[[ PROVIDED DATA open ]]
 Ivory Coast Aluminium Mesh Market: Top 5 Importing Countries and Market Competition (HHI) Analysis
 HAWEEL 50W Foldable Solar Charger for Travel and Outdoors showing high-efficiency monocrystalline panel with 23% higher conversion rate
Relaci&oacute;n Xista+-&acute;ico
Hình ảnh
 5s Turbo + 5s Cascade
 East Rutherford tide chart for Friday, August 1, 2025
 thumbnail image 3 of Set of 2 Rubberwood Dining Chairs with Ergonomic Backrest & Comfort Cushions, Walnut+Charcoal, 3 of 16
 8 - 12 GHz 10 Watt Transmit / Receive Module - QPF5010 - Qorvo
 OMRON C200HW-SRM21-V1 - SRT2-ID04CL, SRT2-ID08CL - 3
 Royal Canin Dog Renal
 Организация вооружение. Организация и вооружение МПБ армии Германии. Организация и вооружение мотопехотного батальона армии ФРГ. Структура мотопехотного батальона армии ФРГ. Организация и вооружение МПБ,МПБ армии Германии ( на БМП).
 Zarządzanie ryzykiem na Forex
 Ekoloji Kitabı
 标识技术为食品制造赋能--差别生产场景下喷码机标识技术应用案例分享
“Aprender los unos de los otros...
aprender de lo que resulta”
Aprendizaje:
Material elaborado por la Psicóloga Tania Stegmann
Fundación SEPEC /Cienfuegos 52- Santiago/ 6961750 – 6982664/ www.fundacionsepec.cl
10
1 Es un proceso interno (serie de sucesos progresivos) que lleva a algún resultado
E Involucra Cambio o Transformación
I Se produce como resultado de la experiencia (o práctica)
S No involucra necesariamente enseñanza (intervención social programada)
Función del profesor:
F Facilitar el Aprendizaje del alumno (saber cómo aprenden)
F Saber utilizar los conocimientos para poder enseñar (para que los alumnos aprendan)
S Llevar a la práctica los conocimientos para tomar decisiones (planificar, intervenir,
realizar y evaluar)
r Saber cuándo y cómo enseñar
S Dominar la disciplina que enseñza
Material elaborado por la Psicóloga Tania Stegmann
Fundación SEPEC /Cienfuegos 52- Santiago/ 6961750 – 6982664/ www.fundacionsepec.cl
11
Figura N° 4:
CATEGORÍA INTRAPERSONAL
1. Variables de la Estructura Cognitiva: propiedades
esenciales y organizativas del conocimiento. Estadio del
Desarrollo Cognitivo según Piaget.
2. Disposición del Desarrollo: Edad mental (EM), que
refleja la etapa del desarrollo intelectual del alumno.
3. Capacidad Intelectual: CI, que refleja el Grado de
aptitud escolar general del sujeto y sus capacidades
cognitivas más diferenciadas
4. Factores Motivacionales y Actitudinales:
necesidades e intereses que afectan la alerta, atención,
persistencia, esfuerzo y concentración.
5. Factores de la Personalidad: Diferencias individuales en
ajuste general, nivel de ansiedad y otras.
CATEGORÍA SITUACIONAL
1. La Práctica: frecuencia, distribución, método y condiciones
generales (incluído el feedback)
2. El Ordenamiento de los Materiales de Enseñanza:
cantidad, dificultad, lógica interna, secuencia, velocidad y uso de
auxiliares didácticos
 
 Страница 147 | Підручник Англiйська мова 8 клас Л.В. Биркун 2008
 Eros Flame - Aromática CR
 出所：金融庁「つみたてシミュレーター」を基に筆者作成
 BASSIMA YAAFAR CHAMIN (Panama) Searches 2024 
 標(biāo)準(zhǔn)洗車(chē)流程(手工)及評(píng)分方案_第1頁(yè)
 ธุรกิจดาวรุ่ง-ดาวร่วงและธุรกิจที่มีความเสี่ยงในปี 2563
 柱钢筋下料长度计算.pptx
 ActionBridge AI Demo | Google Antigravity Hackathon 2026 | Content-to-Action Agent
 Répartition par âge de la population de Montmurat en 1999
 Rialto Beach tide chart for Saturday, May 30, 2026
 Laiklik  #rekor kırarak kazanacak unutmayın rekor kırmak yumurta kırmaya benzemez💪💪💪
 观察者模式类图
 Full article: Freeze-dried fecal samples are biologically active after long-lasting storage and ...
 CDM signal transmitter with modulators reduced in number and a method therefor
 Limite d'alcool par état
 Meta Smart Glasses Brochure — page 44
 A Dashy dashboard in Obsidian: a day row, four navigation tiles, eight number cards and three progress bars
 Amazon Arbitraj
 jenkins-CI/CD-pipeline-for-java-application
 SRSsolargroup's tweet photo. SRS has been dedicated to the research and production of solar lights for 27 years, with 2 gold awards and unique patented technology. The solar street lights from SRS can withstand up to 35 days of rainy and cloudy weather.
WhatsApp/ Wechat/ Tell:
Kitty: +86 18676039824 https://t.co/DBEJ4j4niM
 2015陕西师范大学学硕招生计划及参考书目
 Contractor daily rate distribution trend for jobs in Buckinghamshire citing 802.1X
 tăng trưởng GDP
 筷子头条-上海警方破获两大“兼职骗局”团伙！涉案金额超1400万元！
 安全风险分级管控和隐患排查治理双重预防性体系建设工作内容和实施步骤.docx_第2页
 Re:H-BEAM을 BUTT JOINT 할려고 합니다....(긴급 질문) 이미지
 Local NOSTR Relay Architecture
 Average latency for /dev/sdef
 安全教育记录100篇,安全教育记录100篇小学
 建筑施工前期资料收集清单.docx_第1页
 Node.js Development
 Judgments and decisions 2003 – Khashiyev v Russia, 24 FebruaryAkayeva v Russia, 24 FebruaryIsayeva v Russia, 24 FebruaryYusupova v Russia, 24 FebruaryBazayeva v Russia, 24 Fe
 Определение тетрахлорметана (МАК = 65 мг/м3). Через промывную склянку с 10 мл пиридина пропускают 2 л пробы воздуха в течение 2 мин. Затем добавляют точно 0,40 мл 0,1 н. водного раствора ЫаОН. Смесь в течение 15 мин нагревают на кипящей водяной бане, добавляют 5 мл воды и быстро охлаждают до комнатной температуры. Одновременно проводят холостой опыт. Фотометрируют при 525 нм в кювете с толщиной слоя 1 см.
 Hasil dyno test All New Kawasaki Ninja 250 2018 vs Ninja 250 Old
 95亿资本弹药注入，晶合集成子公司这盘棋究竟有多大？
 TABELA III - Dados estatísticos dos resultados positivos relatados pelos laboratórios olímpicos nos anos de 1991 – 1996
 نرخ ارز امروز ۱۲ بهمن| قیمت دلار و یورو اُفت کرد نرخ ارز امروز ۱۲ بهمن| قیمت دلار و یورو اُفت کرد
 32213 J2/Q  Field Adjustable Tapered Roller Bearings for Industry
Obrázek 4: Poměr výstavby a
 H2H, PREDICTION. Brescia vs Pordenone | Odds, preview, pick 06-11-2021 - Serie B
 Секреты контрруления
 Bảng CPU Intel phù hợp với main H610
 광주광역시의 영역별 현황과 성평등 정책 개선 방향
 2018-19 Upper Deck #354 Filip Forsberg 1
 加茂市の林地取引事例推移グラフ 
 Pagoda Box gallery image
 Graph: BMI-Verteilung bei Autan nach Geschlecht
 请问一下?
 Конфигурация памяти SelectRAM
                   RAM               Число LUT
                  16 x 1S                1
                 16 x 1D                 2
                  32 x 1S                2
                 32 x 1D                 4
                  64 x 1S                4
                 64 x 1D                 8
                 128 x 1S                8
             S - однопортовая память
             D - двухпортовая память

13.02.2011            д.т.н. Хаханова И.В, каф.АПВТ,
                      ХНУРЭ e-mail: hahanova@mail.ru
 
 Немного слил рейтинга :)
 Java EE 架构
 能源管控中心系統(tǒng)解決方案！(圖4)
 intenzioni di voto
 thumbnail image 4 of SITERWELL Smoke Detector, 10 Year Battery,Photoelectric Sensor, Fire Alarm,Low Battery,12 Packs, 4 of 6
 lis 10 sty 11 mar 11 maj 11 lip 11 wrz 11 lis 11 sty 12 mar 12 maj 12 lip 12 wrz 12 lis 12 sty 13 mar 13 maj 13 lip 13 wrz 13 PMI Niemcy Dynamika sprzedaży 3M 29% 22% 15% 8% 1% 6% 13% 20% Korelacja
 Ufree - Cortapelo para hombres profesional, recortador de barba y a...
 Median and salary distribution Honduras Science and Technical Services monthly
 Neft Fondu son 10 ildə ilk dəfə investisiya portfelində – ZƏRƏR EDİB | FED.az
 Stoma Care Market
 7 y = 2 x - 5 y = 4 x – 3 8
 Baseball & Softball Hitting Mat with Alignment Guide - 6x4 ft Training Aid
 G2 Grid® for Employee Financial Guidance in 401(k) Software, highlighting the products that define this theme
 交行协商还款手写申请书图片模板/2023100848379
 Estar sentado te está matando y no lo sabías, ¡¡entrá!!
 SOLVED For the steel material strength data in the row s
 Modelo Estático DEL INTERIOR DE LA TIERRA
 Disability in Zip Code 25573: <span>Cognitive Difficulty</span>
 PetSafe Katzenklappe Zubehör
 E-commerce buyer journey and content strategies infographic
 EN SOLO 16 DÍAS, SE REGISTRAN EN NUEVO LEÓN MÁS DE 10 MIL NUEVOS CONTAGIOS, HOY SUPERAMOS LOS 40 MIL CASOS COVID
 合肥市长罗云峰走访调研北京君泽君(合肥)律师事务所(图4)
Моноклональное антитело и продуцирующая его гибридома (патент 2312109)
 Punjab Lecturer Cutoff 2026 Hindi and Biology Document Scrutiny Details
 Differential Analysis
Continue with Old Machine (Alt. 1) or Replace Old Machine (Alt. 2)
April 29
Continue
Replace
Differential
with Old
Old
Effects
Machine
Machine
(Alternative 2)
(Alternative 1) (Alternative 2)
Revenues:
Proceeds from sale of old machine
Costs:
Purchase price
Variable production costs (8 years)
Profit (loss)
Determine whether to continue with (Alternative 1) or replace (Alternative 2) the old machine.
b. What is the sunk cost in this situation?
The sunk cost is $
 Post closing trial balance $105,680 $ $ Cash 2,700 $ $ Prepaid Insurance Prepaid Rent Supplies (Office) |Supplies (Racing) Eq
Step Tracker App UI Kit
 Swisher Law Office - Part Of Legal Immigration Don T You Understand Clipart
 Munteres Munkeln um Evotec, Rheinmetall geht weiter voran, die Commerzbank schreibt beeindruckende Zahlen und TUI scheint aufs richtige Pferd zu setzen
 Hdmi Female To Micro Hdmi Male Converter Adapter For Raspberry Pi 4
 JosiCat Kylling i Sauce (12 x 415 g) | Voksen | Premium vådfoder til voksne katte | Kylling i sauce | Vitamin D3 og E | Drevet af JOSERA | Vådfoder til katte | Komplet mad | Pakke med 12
[[ PROVIDED DATA closed ]]
● DESCRIPTION OF THE TASK
From the material above, copy exactly the lines between the line holding "thumbnail image 3" and the line holding "necesidades e intereses", inclusive, and only those.

● TASK OUTPUT
 thumbnail image 3 of Set of 2 Rubberwood Dining Chairs with Ergonomic Backrest & Comfort Cushions, Walnut+Charcoal, 3 of 16
 8 - 12 GHz 10 Watt Transmit / Receive Module - QPF5010 - Qorvo
 OMRON C200HW-SRM21-V1 - SRT2-ID04CL, SRT2-ID08CL - 3
 Royal Canin Dog Renal
 Организация вооружение. Организация и вооружение МПБ армии Германии. Организация и вооружение мотопехотного батальона армии ФРГ. Структура мотопехотного батальона армии ФРГ. Организация и вооружение МПБ,МПБ армии Германии ( на БМП).
 Zarządzanie ryzykiem na Forex
 Ekoloji Kitabı
 标识技术为食品制造赋能--差别生产场景下喷码机标识技术应用案例分享
“Aprender los unos de los otros...
aprender de lo que resulta”
Aprendizaje:
Material elaborado por la Psicóloga Tania Stegmann
Fundación SEPEC /Cienfuegos 52- Santiago/ 6961750 – 6982664/ www.fundacionsepec.cl
10
1 Es un proceso interno (serie de sucesos progresivos) que lleva a algún resultado
E Involucra Cambio o Transformación
I Se produce como resultado de la experiencia (o práctica)
S No involucra necesariamente enseñanza (intervención social programada)
Función del profesor:
F Facilitar el Aprendizaje del alumno (saber cómo aprenden)
F Saber utilizar los conocimientos para poder enseñar (para que los alumnos aprendan)
S Llevar a la práctica los conocimientos para tomar decisiones (planificar, intervenir,
realizar y evaluar)
r Saber cuándo y cómo enseñar
S Dominar la disciplina que enseñza
Material elaborado por la Psicóloga Tania Stegmann
Fundación SEPEC /Cienfuegos 52- Santiago/ 6961750 – 6982664/ www.fundacionsepec.cl
11
Figura N° 4:
CATEGORÍA INTRAPERSONAL
1. Variables de la Estructura Cognitiva: propiedades
esenciales y organizativas del conocimiento. Estadio del
Desarrollo Cognitivo según Piaget.
2. Disposición del Desarrollo: Edad mental (EM), que
refleja la etapa del desarrollo intelectual del alumno.
3. Capacidad Intelectual: CI, que refleja el Grado de
aptitud escolar general del sujeto y sus capacidades
cognitivas más diferenciadas
4. Factores Motivacionales y Actitudinales:
necesidades e intereses que afectan la alerta, atención,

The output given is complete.